- **Aim of the exercise**
Below is a block of records; repeat all of them exactly.

Scraped caption text data:
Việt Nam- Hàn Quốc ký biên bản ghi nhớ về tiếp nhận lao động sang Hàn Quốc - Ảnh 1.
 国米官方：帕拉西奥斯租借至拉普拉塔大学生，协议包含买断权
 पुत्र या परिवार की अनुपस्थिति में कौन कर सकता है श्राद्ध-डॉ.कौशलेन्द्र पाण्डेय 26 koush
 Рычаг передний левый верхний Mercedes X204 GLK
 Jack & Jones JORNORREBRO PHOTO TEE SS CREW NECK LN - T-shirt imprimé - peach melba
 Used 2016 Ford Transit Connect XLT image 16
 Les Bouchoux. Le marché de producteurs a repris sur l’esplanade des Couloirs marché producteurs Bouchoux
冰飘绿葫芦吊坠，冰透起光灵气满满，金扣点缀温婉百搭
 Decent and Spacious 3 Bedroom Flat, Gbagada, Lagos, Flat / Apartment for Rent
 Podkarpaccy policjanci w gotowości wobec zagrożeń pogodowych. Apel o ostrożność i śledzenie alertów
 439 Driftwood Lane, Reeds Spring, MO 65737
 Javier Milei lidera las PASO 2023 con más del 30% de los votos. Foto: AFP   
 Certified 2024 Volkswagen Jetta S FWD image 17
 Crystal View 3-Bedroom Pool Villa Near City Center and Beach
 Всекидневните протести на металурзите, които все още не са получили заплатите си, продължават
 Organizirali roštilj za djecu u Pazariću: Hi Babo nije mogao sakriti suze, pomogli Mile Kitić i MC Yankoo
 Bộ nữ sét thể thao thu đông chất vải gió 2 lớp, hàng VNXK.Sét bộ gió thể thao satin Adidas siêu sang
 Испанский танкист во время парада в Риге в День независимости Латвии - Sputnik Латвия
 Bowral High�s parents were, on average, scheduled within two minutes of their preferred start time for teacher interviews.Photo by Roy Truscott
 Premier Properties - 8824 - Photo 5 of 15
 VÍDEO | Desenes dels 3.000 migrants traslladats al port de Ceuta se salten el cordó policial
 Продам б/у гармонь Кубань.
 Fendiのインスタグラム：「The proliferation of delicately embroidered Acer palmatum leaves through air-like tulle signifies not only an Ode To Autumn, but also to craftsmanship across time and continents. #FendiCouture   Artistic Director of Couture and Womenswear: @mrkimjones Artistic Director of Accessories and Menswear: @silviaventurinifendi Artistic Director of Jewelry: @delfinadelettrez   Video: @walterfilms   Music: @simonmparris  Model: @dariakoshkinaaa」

- **Task response**
Việt Nam- Hàn Quốc ký biên bản ghi nhớ về tiếp nhận lao động sang Hàn Quốc - Ảnh 1.
 国米官方：帕拉西奥斯租借至拉普拉塔大学生，协议包含买断权
 पुत्र या परिवार की अनुपस्थिति में कौन कर सकता है श्राद्ध-डॉ.कौशलेन्द्र पाण्डेय 26 koush
 Рычаг передний левый верхний Mercedes X204 GLK
 Jack & Jones JORNORREBRO PHOTO TEE SS CREW NECK LN - T-shirt imprimé - peach melba
 Used 2016 Ford Transit Connect XLT image 16
 Les Bouchoux. Le marché de producteurs a repris sur l’esplanade des Couloirs marché producteurs Bouchoux
冰飘绿葫芦吊坠，冰透起光灵气满满，金扣点缀温婉百搭
 Decent and Spacious 3 Bedroom Flat, Gbagada, Lagos, Flat / Apartment for Rent
 Podkarpaccy policjanci w gotowości wobec zagrożeń pogodowych. Apel o ostrożność i śledzenie alertów
 439 Driftwood Lane, Reeds Spring, MO 65737
 Javier Milei lidera las PASO 2023 con más del 30% de los votos. Foto: AFP   
 Certified 2024 Volkswagen Jetta S FWD image 17
 Crystal View 3-Bedroom Pool Villa Near City Center and Beach
 Всекидневните протести на металурзите, които все още не са получили заплатите си, продължават
 Organizirali roštilj za djecu u Pazariću: Hi Babo nije mogao sakriti suze, pomogli Mile Kitić i MC Yankoo
 Bộ nữ sét thể thao thu đông chất vải gió 2 lớp, hàng VNXK.Sét bộ gió thể thao satin Adidas siêu sang
 Испанский танкист во время парада в Риге в День независимости Латвии - Sputnik Латвия
 Bowral High�s parents were, on average, scheduled within two minutes of their preferred start time for teacher interviews.Photo by Roy Truscott
 Premier Properties - 8824 - Photo 5 of 15
 VÍDEO | Desenes dels 3.000 migrants traslladats al port de Ceuta se salten el cordó policial
 Продам б/у гармонь Кубань.
 Fendiのインスタグラム：「The proliferation of delicately embroidered Acer palmatum leaves through air-like tulle signifies not only an Ode To Autumn, but also to craftsmanship across time and continents. #FendiCouture   Artistic Director of Couture and Womenswear: @mrkimjones Artistic Director of Accessories and Menswear: @silviaventurinifendi Artistic Director of Jewelry: @delfinadelettrez   Video: @walterfilms   Music: @simonmparris  Model: @dariakoshkinaaa」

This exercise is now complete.